In this case, the problem occurs that even though image file A exists in the input bucket, the grayscaled image file A' does not exist in the output bucket.

In order to prevent problems such as this, use the S3 event sequencer to implement exclusive processing. Additionally, it is also necessary to implement exclusive processing to manage image processing status by DynamoDB. Use DynamoDB conditional write to set an in-progress flag in order to prevent multiple Lambda functions from processing the same image file at the same time.

The sample code is published on GITHUB. Take a look using the link below. (You will need to build an AWS infrastructure to run it, but it has been made easy to try using the terraform code.)

https://github.com/kinto-technologies/techblog-s3-sequencer-example

Implementing Sample Code with Rust

This time, I will implement a Lambda function using Rust.

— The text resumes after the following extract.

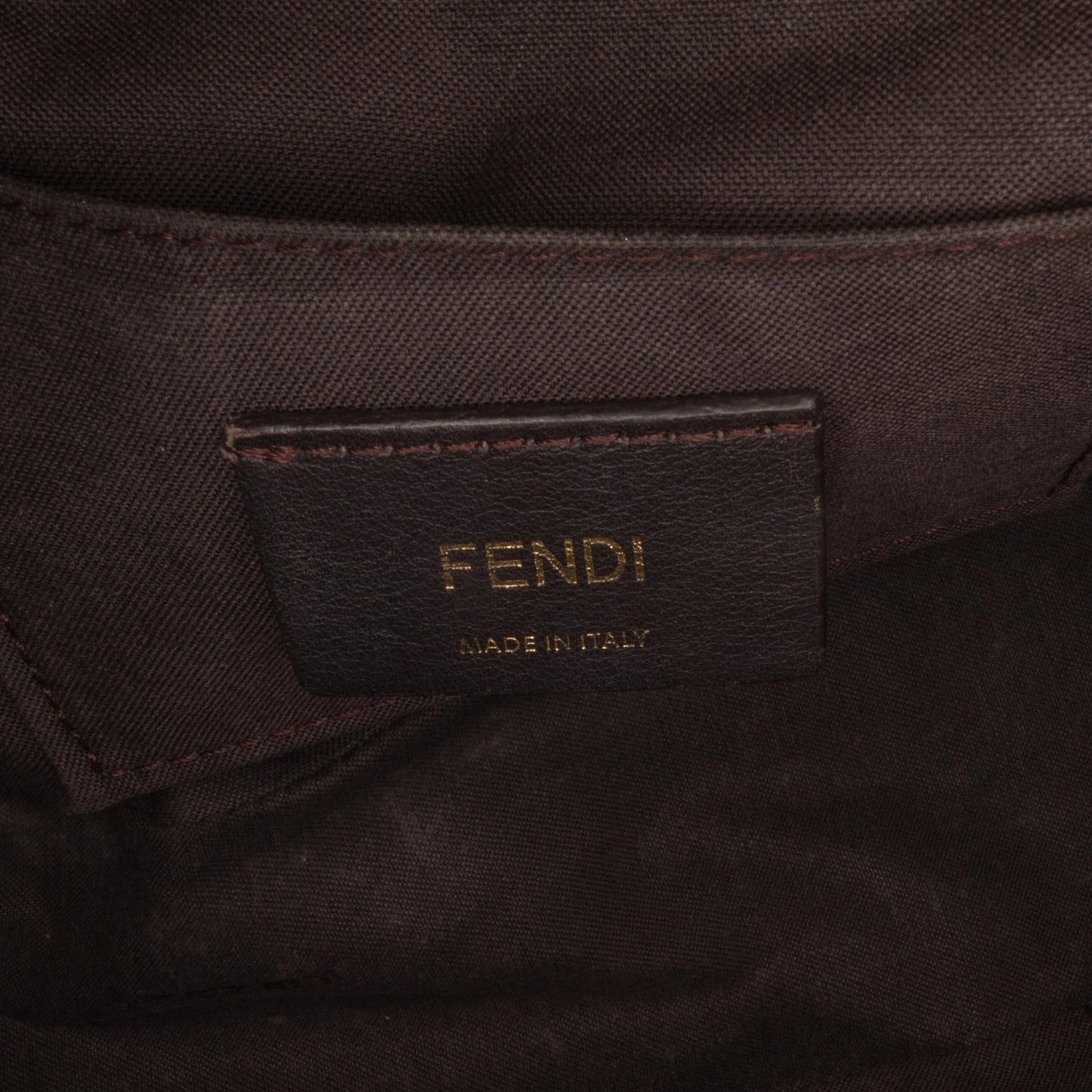 Fendi FF Logo Zucca Crossbody Bag (SHG-Ht5sKO)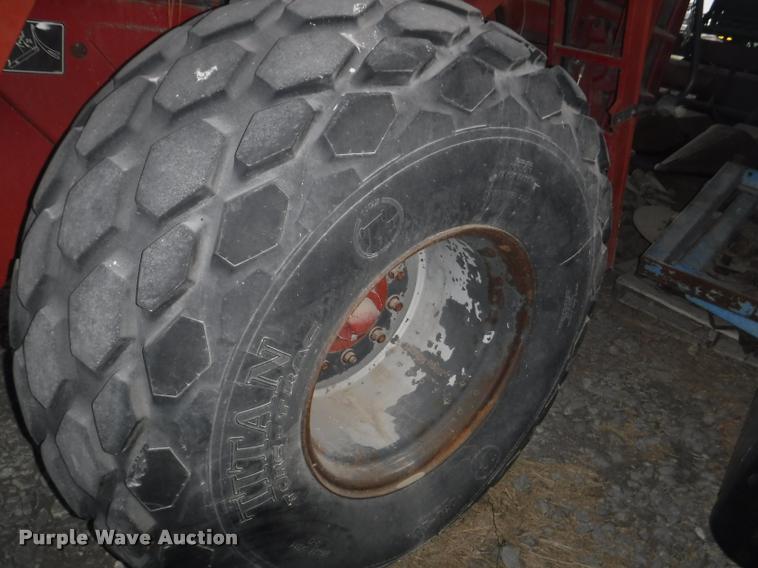 image for item DB3898 1995 Case IH 8580 square baler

It is convenient to use cargo-lambda to implement Lambda functions.

https://www.cargo-lambda.info/

I will omit the details of how to use cargo-lambda.

Creating an Entry Point

When you run the initialization command on cargo-lambda, main.rs is automatically generated as shown below.

cargo lambda init
lambda/src/main.rs
use lambda_runtime::{
    run, service_fn,
    tracing::{self},
    Error,
};
mod handler;
mod image_task;
mod lock;
mod s3_sequencer;

#[tokio::main]
async fn main() -> Result<(), Error> {
    tracing::init_default_subscriber();

    run(service_fn(handler::function_handler)).await
}

Since handler:function_handler is specified as the entry point for the Lambda function, I will write the implementation in handler.rs

The function_handler is implemented as follows.

lambda/src/handler.rs
use crate::image_task::ImageTask;
use aws_lambda_events::event::s3::S3Event;
use lambda_runtime::{tracing::info, Error, LambdaEvent};

pub async fn function_handler(event: LambdaEvent<S3Event>) -> Result<(), Error> {
    // Convert S3 events to ImageTask
    let tasks: Vec<_> = event
        .payload
        .records
        .into_iter()
        .map(ImageTask::try_from)
        .collect::<Result<Vec<_>, _>>()?;

    // Use futures::future::join_all to create the task to be executed
    let execute_tasks = tasks.iter().map(|task| task.execute());

    // Use join_all to execute or wait all tasks
    // Store the execution results in ret
    let ret = futures::future::join_all(execute_tasks).await;

    // Output the execution results to log
    for (t, r) in tasks.iter().zip(&ret) {
        info!("object_key: {}, Result: {:?}", t.object_key, r);
    }

    // Return error is there is an error
    if ret.iter().any(|r| r.is_err()) {
        return Err("Some tasks failed".into());
    }

    // Successful termination
    Ok(())
}
  1. Convert the S3 event vector to an ImageTask structure vector. Since the conversion method implements the TryFrom trait, you just have to call the try_form method.
  2. Create an image processing task based on the ImageTask structure vector.
  3. Use the tokio crate join_all function to execute all tasks in parallel.
  4. Output the results returned by join_all in 3 to the log.
  5. If there is an error, return the error and terminate the Lambda function abnormally.
  6. If there are no errors it will successfully terminate.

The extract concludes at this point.